Endoscopic retrograde cholangiopancreatography (ERCP) has been used to evaluate and treat pancreaticobiliary disorders and trauma in the pediatric population. Still representing a small percentage of total pediatric endoscopies, this procedure has been performed most commonly by a small subset of adult and pediatric gastroenterologists at quaternary referral centers.
In this study, we present a review of one fellowship-trained general surgeon's experience with pediatric ERCP in a teaching community pediatric hospital for the purpose of comparison with national series.

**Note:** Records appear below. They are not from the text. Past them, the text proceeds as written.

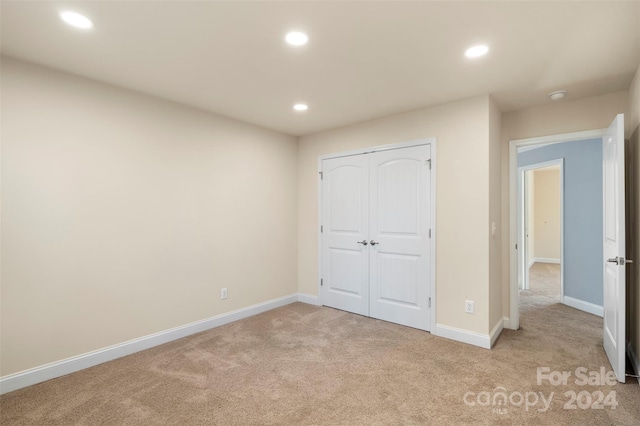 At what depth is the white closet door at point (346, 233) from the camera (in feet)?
13.2

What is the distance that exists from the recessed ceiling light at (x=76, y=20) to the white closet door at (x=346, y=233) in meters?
2.93

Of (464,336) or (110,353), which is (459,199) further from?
(110,353)

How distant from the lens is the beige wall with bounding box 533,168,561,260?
8445mm

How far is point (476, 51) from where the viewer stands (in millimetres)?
2246

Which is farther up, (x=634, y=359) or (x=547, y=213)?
(x=547, y=213)

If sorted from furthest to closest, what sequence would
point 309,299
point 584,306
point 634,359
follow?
point 309,299 < point 584,306 < point 634,359

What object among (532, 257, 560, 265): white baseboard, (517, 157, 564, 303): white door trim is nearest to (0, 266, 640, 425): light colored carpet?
(517, 157, 564, 303): white door trim

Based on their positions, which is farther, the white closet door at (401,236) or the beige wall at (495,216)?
the white closet door at (401,236)

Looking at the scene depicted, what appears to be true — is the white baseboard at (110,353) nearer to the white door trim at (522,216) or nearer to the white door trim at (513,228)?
the white door trim at (513,228)

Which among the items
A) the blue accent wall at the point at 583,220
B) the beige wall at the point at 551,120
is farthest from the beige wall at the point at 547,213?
the beige wall at the point at 551,120

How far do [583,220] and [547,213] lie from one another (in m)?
4.98

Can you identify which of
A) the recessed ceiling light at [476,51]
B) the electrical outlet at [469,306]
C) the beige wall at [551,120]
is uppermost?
the recessed ceiling light at [476,51]

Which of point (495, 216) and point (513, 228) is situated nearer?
point (495, 216)

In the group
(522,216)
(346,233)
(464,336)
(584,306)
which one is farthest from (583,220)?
(346,233) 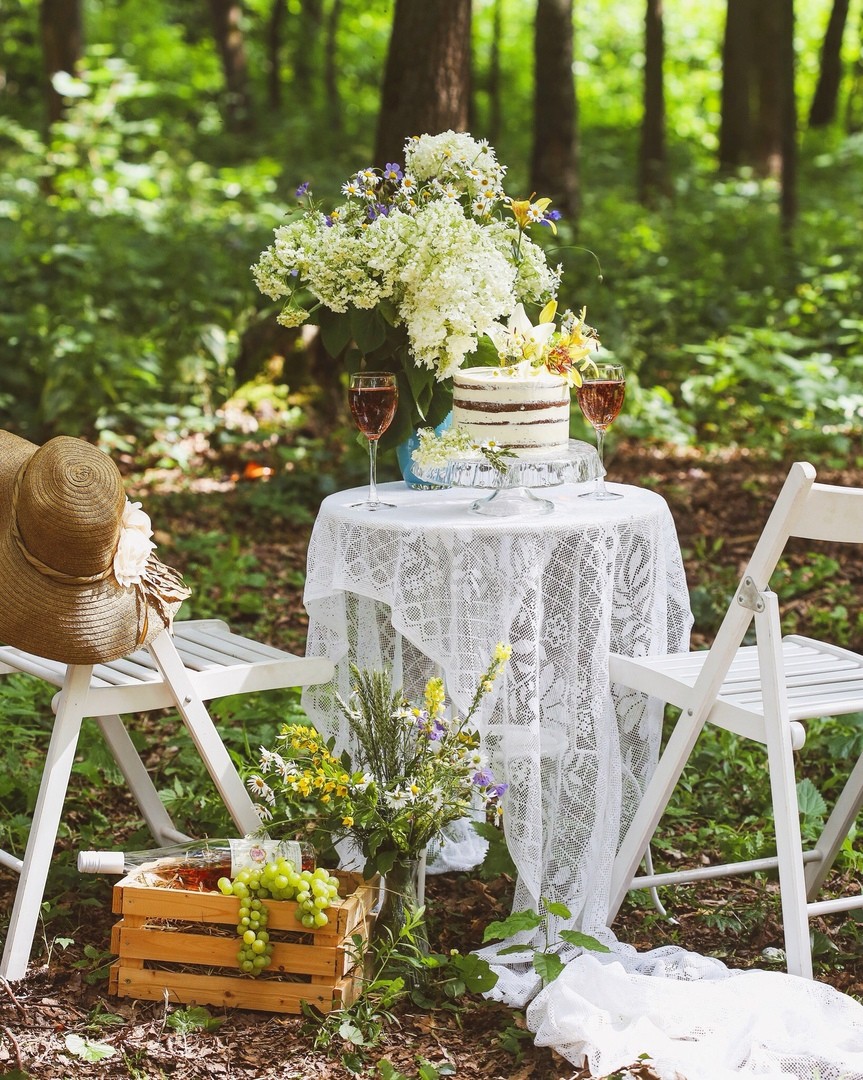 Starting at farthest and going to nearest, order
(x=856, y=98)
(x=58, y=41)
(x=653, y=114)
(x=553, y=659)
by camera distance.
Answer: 1. (x=856, y=98)
2. (x=653, y=114)
3. (x=58, y=41)
4. (x=553, y=659)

All ERCPs performed by one general surgeon as part of a multidisciplinary team over a 5-year period in patients aged 16 years or less were reviewed. Success and complication rates were compared between our series and published pediatric and adult series using Fisher's exact test. Comparisons were made of indications, type of anesthesia, final diagnosis, and therapeutic interventions to ensure similar study populations. A total of 26 ERCPs were performed in 19 patients ranging from 7 to 16 years old. Therapeutic procedures included sphincterotomy (11), stent placement (7), stone removal (3), and dilation (2). In one case, stone removal and stent placement were performed in conjunction with pancreatic lithotripsy. In two cases the involved duct was not visualized. There were no instances of pancreatitis, bleeding, or perforation related to ERCP.

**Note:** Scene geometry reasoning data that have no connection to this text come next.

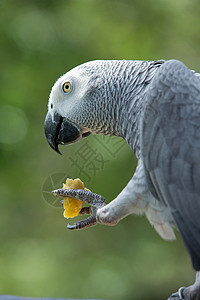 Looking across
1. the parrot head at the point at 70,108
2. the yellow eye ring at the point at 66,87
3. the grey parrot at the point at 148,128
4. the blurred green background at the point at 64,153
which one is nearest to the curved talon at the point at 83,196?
the grey parrot at the point at 148,128

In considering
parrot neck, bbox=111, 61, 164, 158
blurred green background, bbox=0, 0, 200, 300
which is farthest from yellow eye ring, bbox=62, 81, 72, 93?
blurred green background, bbox=0, 0, 200, 300

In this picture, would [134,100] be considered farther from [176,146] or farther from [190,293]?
[190,293]

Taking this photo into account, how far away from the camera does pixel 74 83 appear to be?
65.1 inches

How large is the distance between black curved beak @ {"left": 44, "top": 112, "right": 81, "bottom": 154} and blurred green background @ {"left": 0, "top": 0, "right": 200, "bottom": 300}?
1.36m

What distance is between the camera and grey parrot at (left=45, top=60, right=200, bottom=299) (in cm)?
125

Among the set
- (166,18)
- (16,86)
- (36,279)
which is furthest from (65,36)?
(36,279)

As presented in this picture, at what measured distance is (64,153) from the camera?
307 cm

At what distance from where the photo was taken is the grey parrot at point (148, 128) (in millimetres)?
1255

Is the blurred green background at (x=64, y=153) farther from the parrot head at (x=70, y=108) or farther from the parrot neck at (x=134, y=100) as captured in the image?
the parrot neck at (x=134, y=100)

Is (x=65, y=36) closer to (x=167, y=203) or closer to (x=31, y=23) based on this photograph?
(x=31, y=23)

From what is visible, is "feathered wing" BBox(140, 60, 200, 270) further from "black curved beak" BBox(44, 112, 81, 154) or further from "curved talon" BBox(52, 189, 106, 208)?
"black curved beak" BBox(44, 112, 81, 154)

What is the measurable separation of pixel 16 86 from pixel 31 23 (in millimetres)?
582

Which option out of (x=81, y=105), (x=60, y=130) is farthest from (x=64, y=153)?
(x=81, y=105)

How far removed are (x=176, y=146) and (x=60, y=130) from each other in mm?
622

When compared with published series, our data demonstrated no significant difference in success or complication rates. Our study demonstrates that pediatric ERCP can be performed by fellowship-trained general surgeons with success and complication rates comparable to accepted standards. Integration of the ERCP-trained general surgeon into the pediatric team is a potential asset in the care of pediatric patients with pancreaticobiliary disorders.
内镜逆行胰胆管造影术(ERCP)已用于评估和治疗儿科患者的胰胆管疾病及创伤。该手术在儿科内镜检查总数中所占比例仍然较小,主要由四级转诊中心的一小部分成人及儿科胃肠病学家进行。
在本研究中,我们回顾了一位接受过专科培训的普通外科医生在一家教学型社区儿科医院进行儿科ERCP的经验,以便与全国性系列研究进行比较。
回顾了一位普通外科医生作为多学科团队一员在5年期间为16岁及以下患者进行的所有ERCP手术。使用Fisher精确检验比较了我们的系列研究与已发表的儿科及成人系列研究的成功率和并发症发生率。对适应证、麻醉类型、最终诊断和治疗干预措施进行了比较,以确保研究人群相似。共对19例年龄在7至16岁的患者进行了26次ERCP手术。治疗性操作包括括约肌切开术(11例)、支架置入术(7例)、取石术(3例)和扩张术(2例)。1例患者在进行胰管碎石术的同时进行了取石和支架置入。2例患者的相关胆管未显影。未发生与ERCP相关的胰腺炎、出血或穿孔病例。
与已发表的系列研究相比,我们的数据显示成功率和并发症发生率无显著差异。我们的研究表明,接受过专科培训的普通外科医生可以成功进行儿科ERCP,其成功率和并发症发生率与公认标准相当。将接受过ERCP培训的普通外科医生纳入儿科团队,对于治疗患有胰胆管疾病的儿科患者而言是一项潜在的优势。